Goodyear Tire and Rubber Co. has a similar collaboration with Sandia in coming up with better tire tread, the article says.
Business Week says Los Alamos has helped spawn 54 private spin-offs since 1997 and that the "industrial park on 240 acres abutting Sandia’s sprawling Albuquerque compound boasts 27 startups that employ 2,184 people and have attracted $234 million in investment capital."
"Now, as the idea of ‘innovation economics’ gains currency in Washington, executives are once again turning to the national labs, especially those such as Sandia, Los Alamos, Lawrence Livermore, and others that belong to the Energy Dept. These centers are still committed to national security. But at a time when U.S. industries are under pressure to address America’s energy crisis while facing ever-tougher competition abroad, the labs understand they have an important role to play."
But there are roadblocks to such partnerships, as the article points out.
"Despite the obvious benefits that have flowed to Goodyear and P&G, however, only a handful of corporations have forged this sort of long-term collaboration.
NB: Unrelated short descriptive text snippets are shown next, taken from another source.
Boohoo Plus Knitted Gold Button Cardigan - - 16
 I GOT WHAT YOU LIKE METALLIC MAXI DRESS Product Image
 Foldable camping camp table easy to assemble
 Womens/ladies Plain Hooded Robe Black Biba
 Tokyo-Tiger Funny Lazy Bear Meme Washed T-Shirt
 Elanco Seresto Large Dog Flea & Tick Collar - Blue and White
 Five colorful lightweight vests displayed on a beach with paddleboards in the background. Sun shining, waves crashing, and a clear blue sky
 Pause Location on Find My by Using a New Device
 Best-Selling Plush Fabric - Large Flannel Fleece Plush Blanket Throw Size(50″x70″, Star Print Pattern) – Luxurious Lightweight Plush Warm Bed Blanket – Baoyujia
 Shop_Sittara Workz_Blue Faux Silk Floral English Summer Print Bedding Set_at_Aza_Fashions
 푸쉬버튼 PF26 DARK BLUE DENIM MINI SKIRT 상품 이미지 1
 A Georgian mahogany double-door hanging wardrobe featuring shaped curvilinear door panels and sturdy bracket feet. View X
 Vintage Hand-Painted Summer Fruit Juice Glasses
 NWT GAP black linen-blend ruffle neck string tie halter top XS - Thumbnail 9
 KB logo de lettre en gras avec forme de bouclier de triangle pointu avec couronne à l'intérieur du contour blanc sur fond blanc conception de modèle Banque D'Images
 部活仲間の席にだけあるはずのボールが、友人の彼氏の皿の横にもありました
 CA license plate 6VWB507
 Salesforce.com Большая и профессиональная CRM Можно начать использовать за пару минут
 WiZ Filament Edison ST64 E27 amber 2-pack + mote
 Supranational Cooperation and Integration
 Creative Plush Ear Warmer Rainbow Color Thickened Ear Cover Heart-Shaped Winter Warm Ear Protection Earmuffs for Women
Companies complain that it takes too long—up to a year—to negotiate a joint R&D project or license technology from a federal lab. Officials at the labs have their own complaints: They say U.S. companies mainly want off-the-shelf technology they can use immediately, as opposed to investing in research that won’t pay off for three to five years."
The article says another stumbling block is the fact that scientists at federal labs are barred from serving as paid consultants and can’t hold equity stakes in companies that license their research. However, it says the labs are addressing this with entrepreneurial leaves and courses on entrepreneurship.